Garrett v. Federal Land Bank of New Orleans

Decision Date07 March 1940
Docket Number5 Div. 298.
Citation239 Ala. 191,194 So. 530
PartiesGARRETT v. FEDERAL LAND BANK OF NEW ORLEANS ET AL.
CourtAlabama Supreme Court

Appeal from Circuit Court, Chambers County; W. B. Bowling, Judge.

Bill for statutory redemption of real estate from mortgage foreclosure by Miles Gordon Garrett against the Federal Land Bank of New Orleans and others. From a decree fixing lawful charges to be paid on redemption, complainant appeals.

Affirmed.

Denson & Denson, of Opelika, D. W. Jackson, of LaFayette, and Jacob A. Walker, of Opelika, for appellant.

Will O Walton, of LaFayette, E. Herndon Glenn, of Opelika, and Fuller & Fuller, of LaFayette, for appellees.

BOULDIN Justice.

The bill was filed by appellant to effectuate his statutory right of redemption in real estate, sold under mortgage. Complainant is the mortgagor.
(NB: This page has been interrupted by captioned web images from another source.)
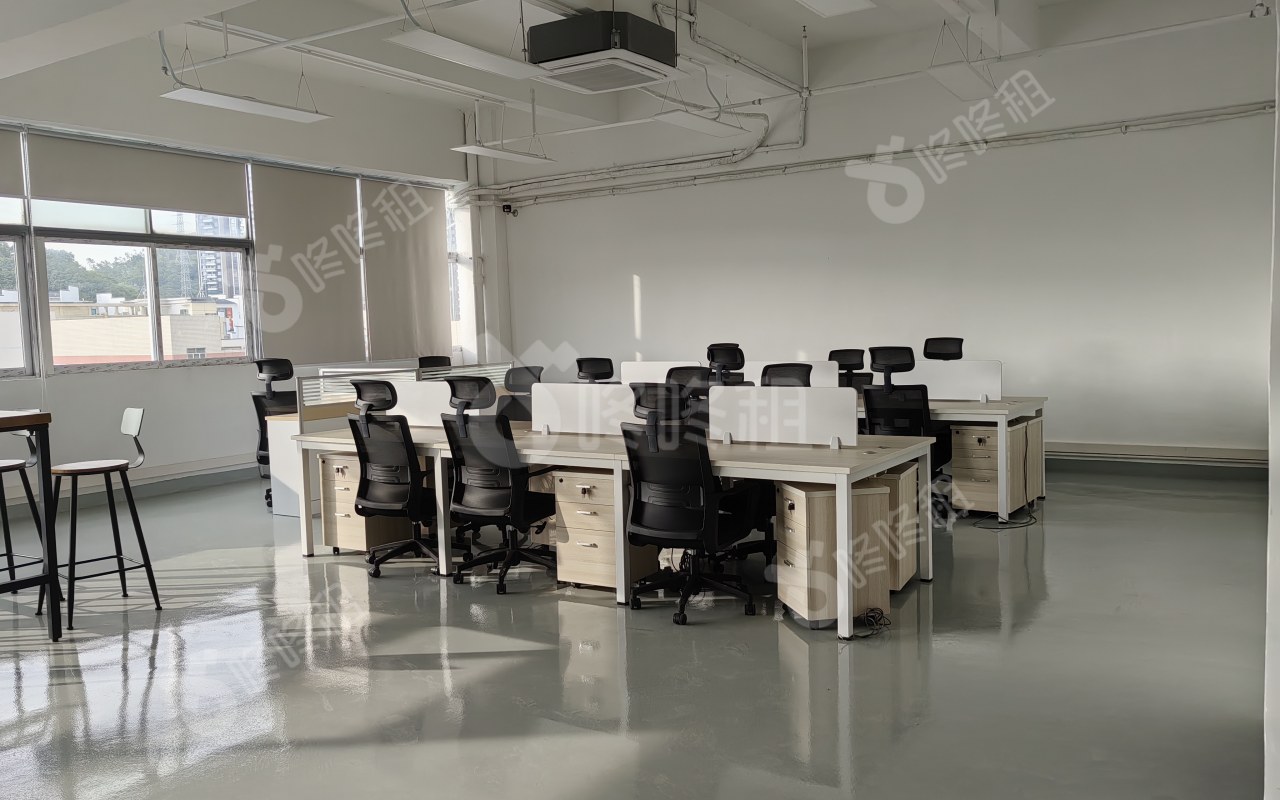 引进大厦_500平_精装_办公室开间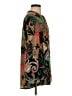 Calvin Klein 100% Polyester Paisley Black Long Sleeve Blouse Size S - photo 4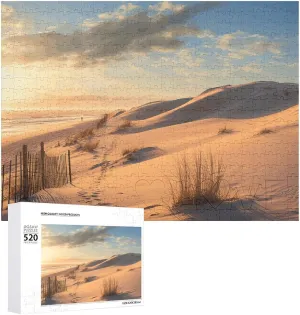 Sand Dunes Picture Puzzles for forsake desalination stocky mesh Adults Challenging Puzzle Personalized Wooden Puzzle Photo Puzzle Gifts 20.5" X 15 520 Piece Jigsaw Puzzle - 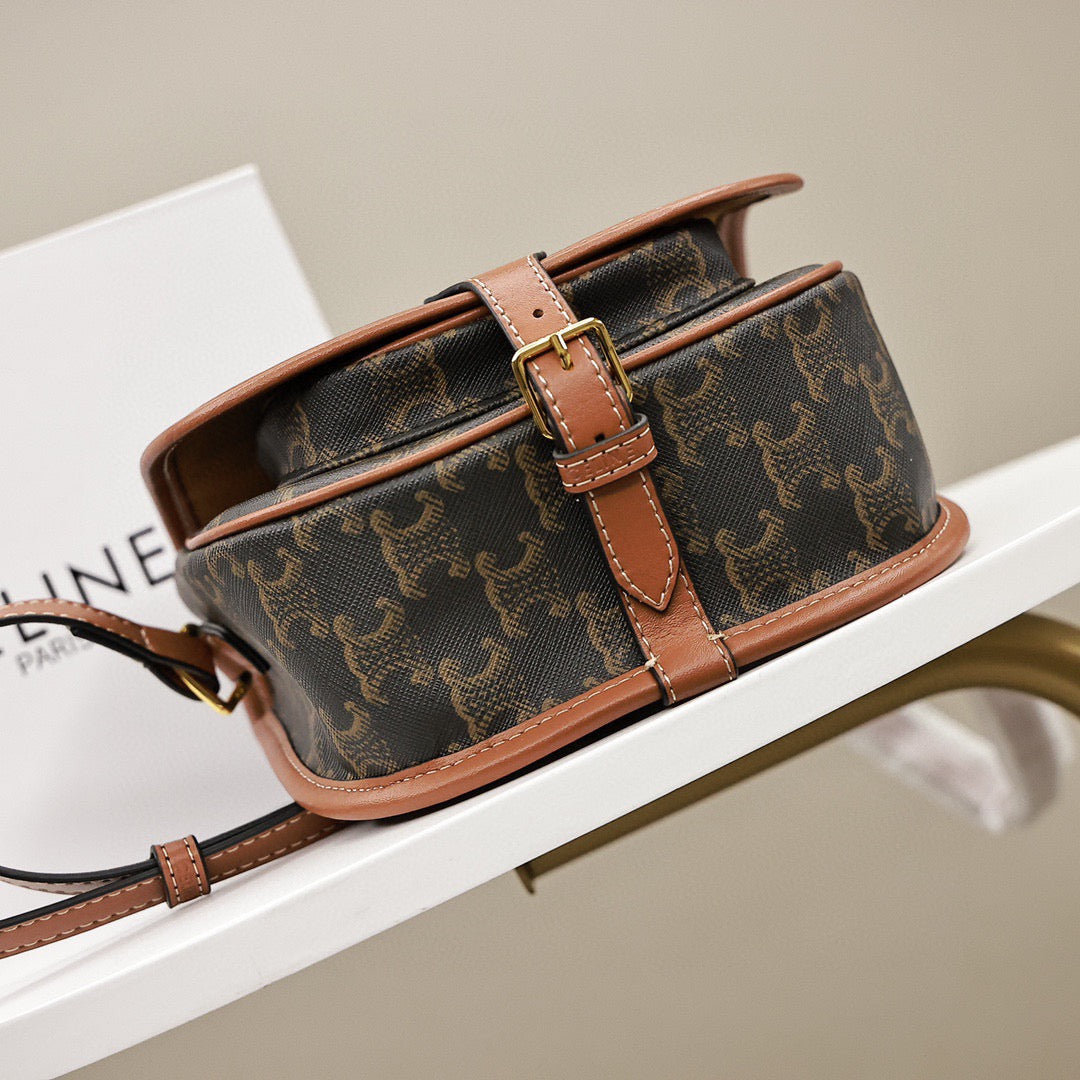 Celine Monogram Saddle Bag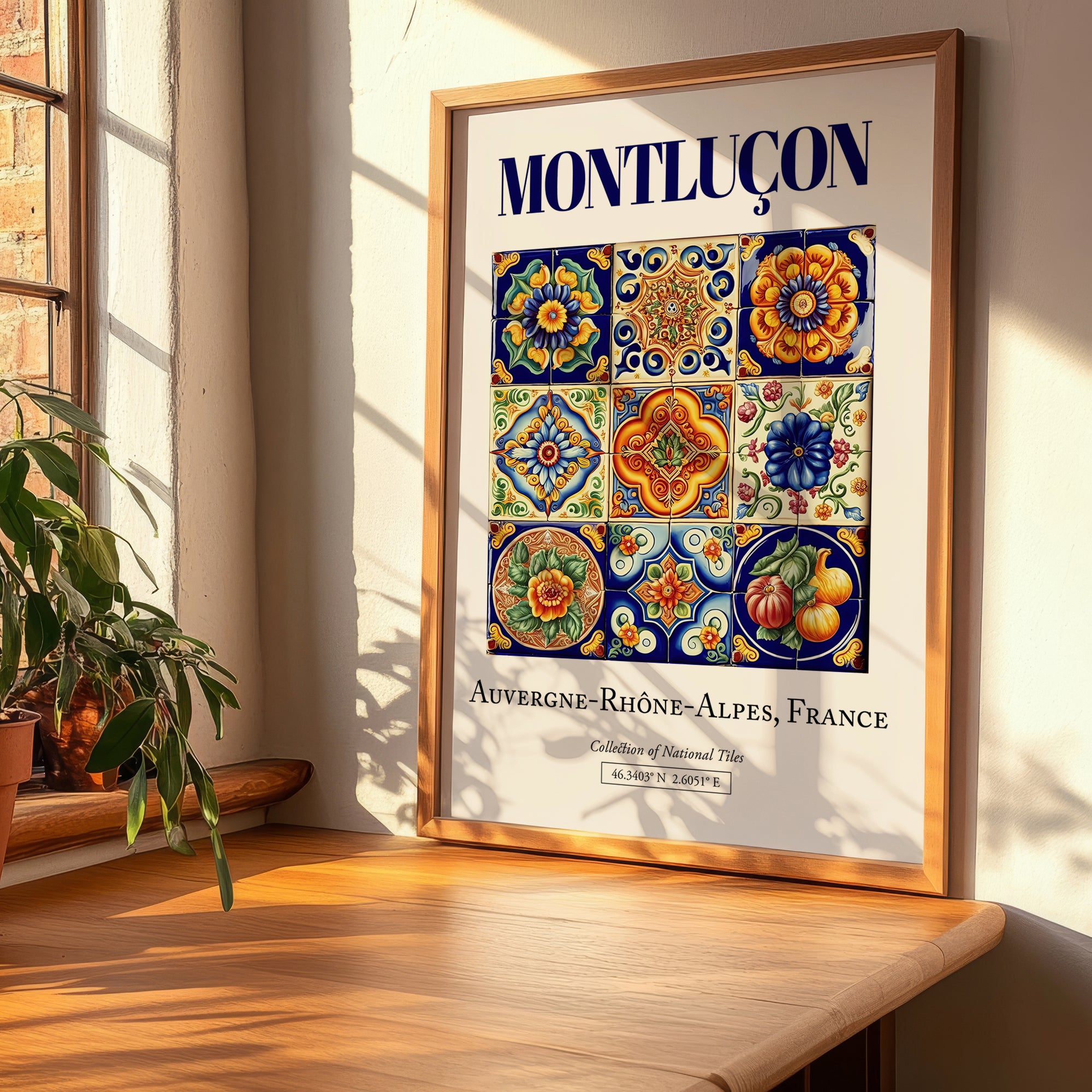 Montluçon, France – Travel Wall Art, clean layout with no caption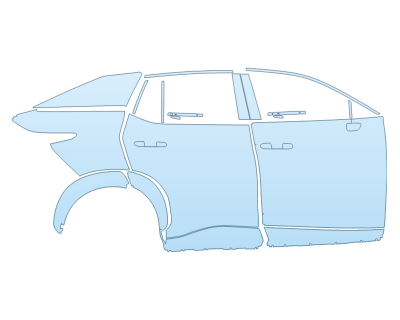 PAINT PROTECTION KIT - 2024 LEXUS RZ 450E PREMIUM PASSENGER SIDE - PRECUT PPF CLEAR BRA WRAP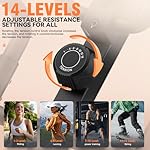 ANCHEER Elliptical Machine,Elliptical Training Machines with Quiet Magnetic Drive,Elliptical Trainer for Home with 14 Resistance Levels, Pulse Rate Monitor, LCD Monitor, Max 400Lbs - Image 3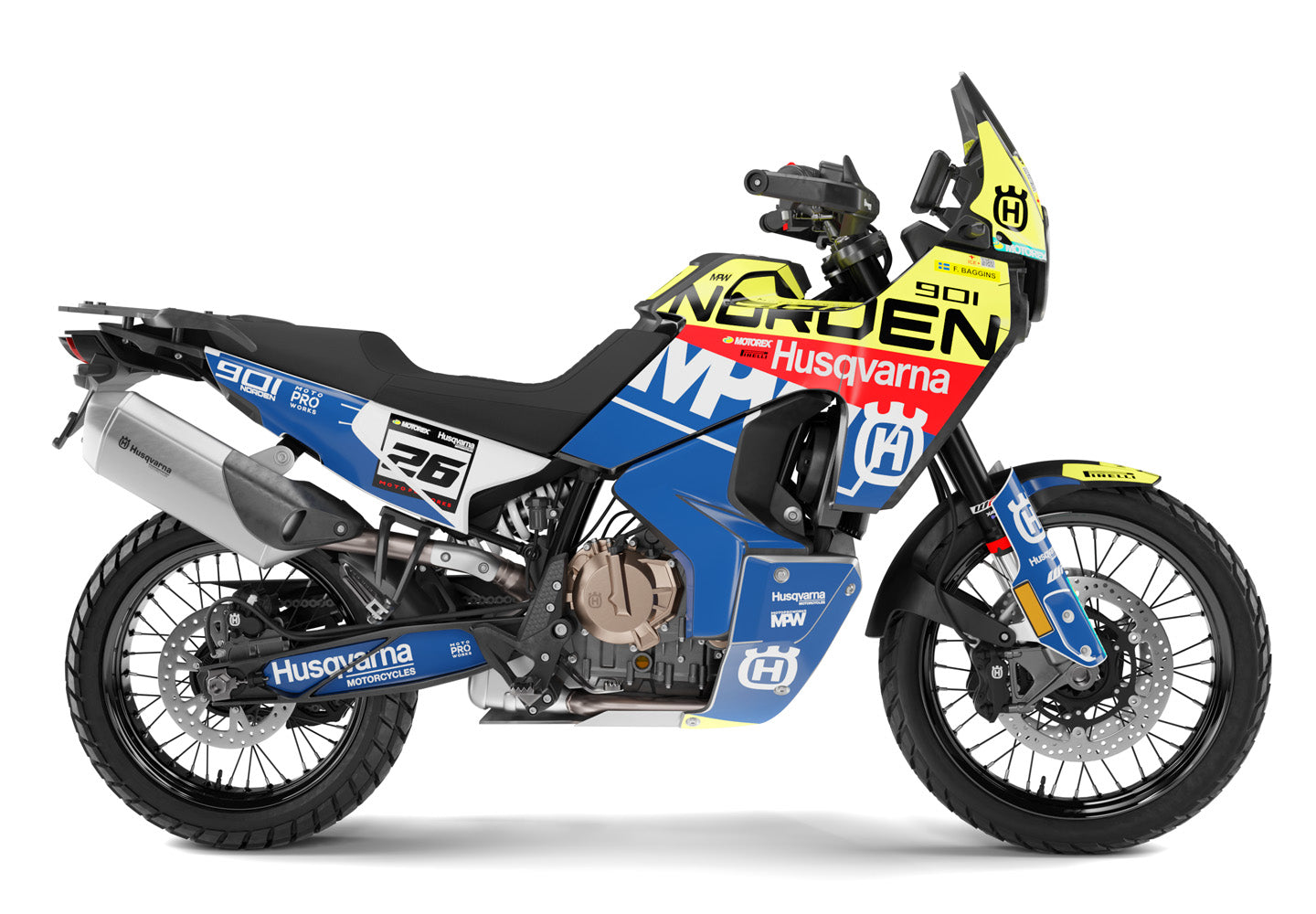 HUSQVARNA Norden 901 DEKALKIT - “P1” (Blå/Röd)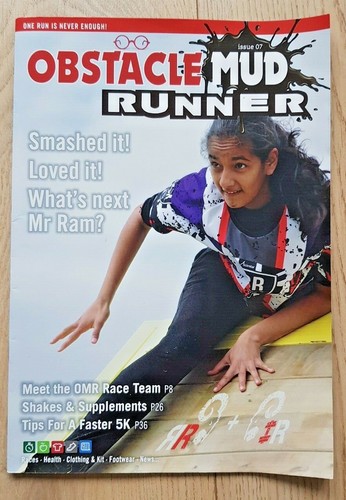 Obstacle mud runner magazine - mud,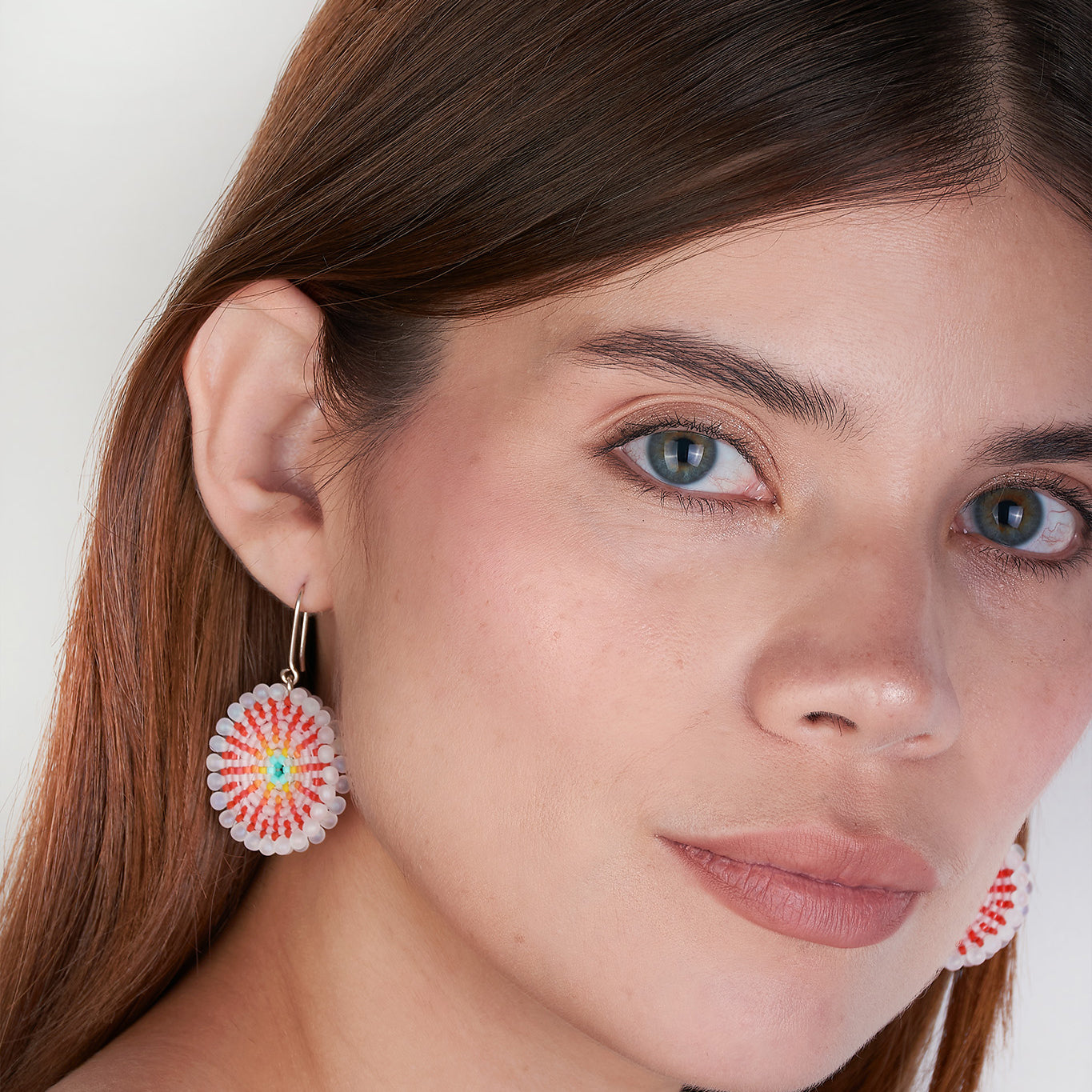 Aretes Disco Gota Gancho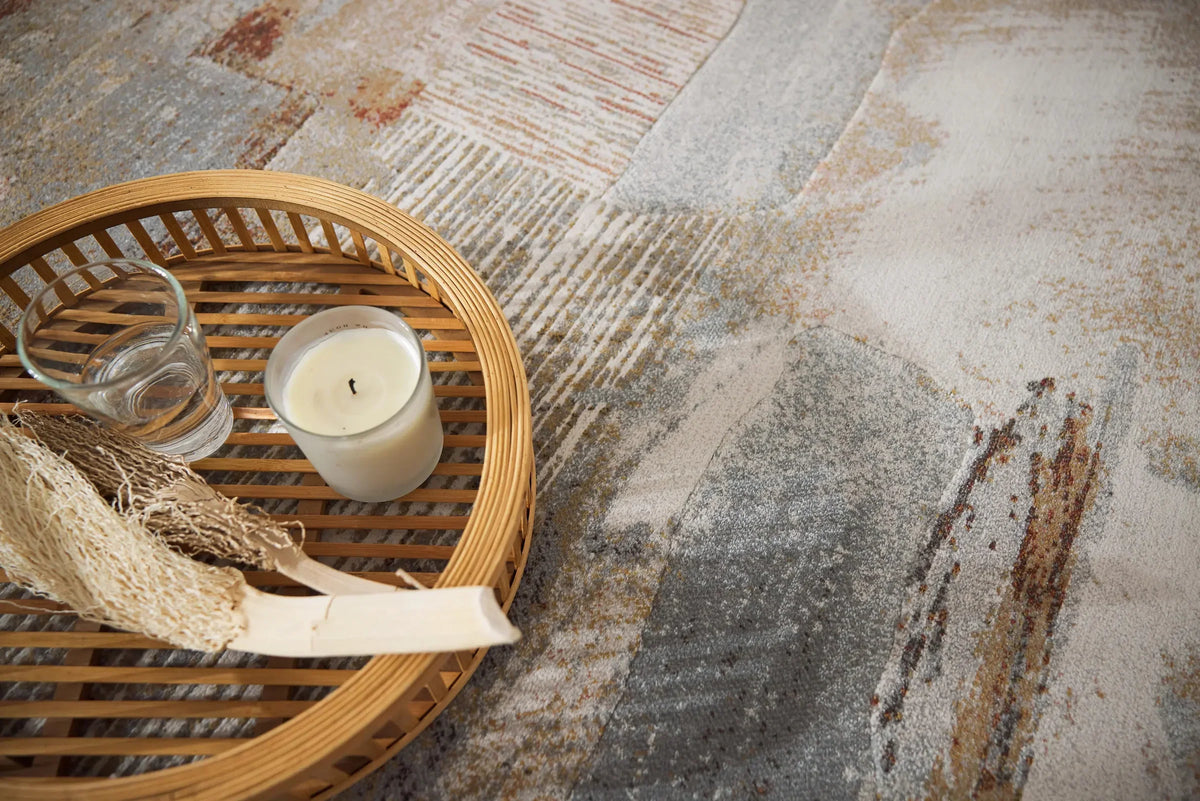 Funky Abstract Design Argentum Rug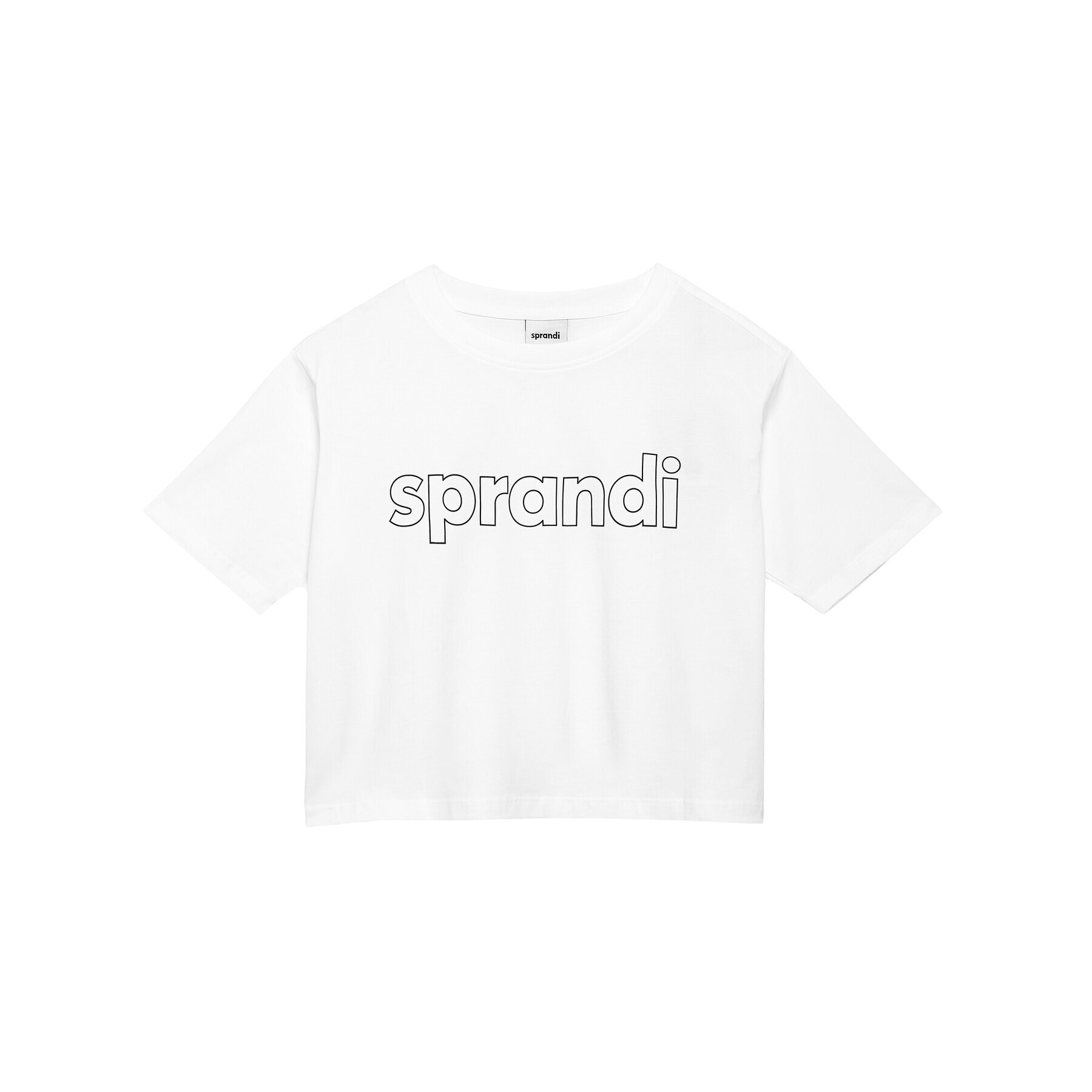 Sprandi T-Shirt SS21-TSD001 Bílá Cropp Fit - Pepit.cz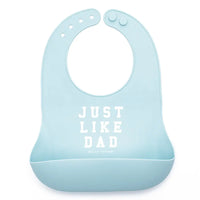 Just Like Dad Silicone Wonder Bib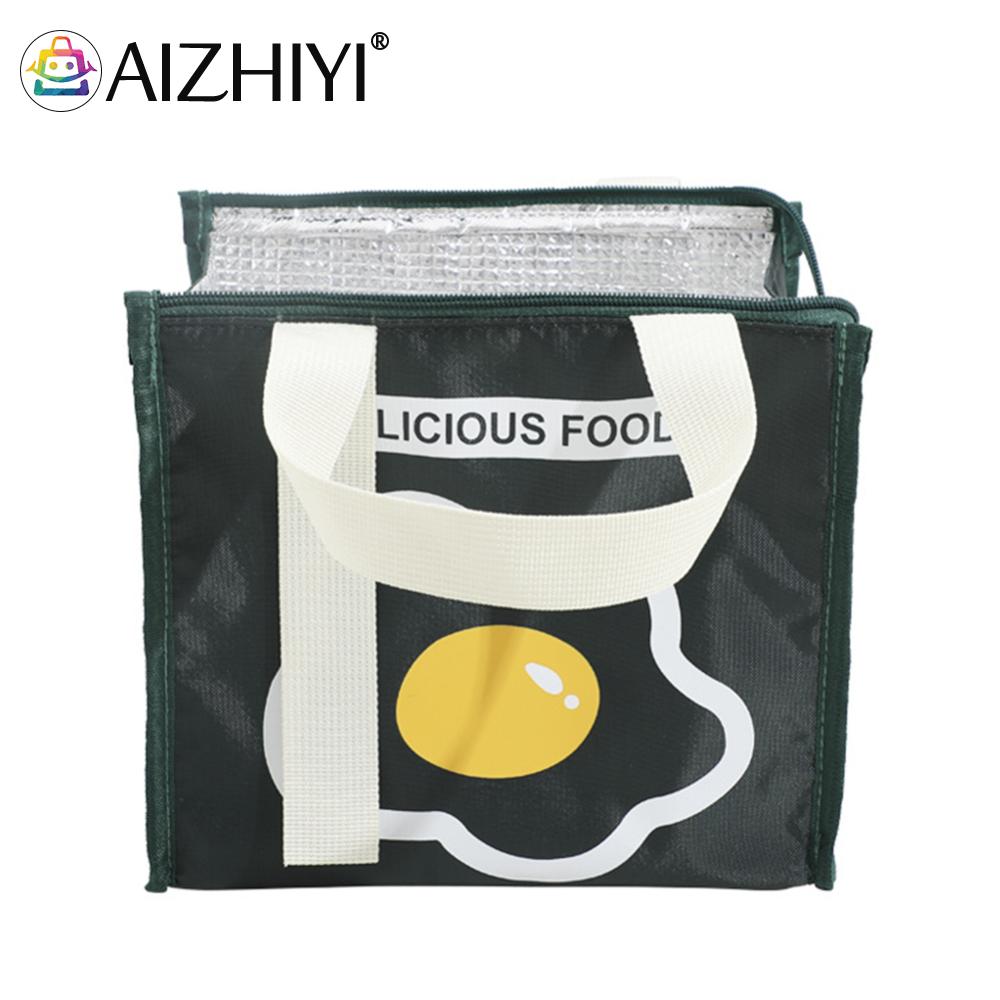 2025 new Portable Picnic Insulated Bag Aluminum Film Triangle Kids Food Storage Handbags Large Capacity Waterproof for Outdoor Barbecues zhanyishengli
The question of moment on this appeal is whether there was error in decreeing the unpaid balance of the mortgage debt to be a lawful charge on redemption.

The controlling facts, as we view the case, are these:

On March 28, 1936, the mortgage being in default, the mortgagee Federal Land Bank of New Orleans, foreclosed under power of sale and became the purchaser at $2,000, leaving an unpaid balance on the mortgage debt of $2,987.07.

Soon after foreclosure the Land Bank sold the lands in three separate tracts, to different purchasers, received part payment on each tract, executed deeds, and took a mortgage from each purchaser for balance due, as follows:

One tract to J. N. Davidson for $2,500, cash payment $500 purchase money mortgage for $2,000.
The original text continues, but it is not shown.